En el Evangelio de este primer domingo de la Cuaresma contemplamos a Jesús tentado en el desierto. Después ser bautizado, el Espíritu, empuja a Jesús al desierto, el lugar de la soledad y del encuentro con Dios. Allí permaneció durante cuarenta días y se dejó tentar por Satanás. El objetivo de toda tentación siempre es apartarnos de Dios.

Al inicio de la Cuaresma, la Iglesia nos recuerda la misma idea. Si hemos empezado nuestro camino cuaresmal con el propósito de volver nuestro corazón a Dios y de unirnos más a Cristo, se nos avisa que nos vamos a encontrar con una tentación continua a abandonar nuestro propósito.

La oración, el ayuno y la limosna hunden sus raíces en la Escritura y son consideradas en la tradición de la Iglesia como prácticas privilegiadas para avanzar en el camino de la conversión. Es cierto que los gestos penitenciales no valen nada cuando no transforman el corazón o no son expresión de una verdadera conversión a Dios y a los hermanos. Pero la traducción en gestos externos de la conversión sigue siendo una necesidad que no cabe menospreciar. Oración, ayuno y limosna están vinculadas entre sí y se corresponden con tres actitudes fundamentales del ser humano y de la vida cristiana.

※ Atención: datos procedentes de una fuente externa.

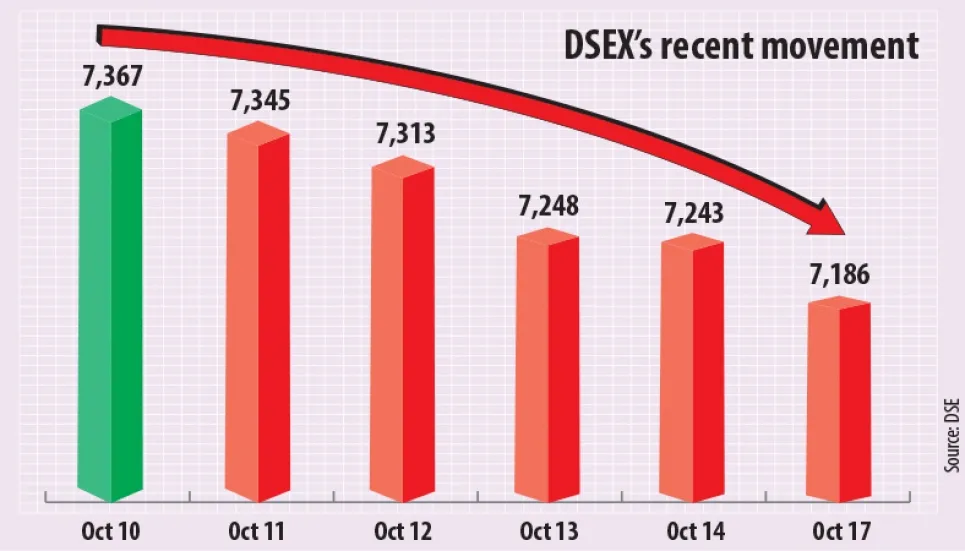 DSEX slips to four-week low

Nuestra tendencia es la de aferrarnos a las cosas a causa del egoísmo arraigado en nuestra naturaleza; la práctica del ayuno nos enseña que para ser dueños y no esclavos de los bienes terrestres hemos de saber renunciar, incluso a lo que nos pertenece; la limosna es una de las manifestaciones del amor hacia quienes necesitan de nuestra ayuda. De la lectura e la Palabra de Dios brota la oración. En la oración abrimos nuestro corazón a Dios, reconocemos con amor nuestra dependencia de él. Y reconocer a Dios y su presencia en el mundo es asegurar el respeto a las personas y su dignidad, y la solícita atención a sus necesidades materiales y espirituales.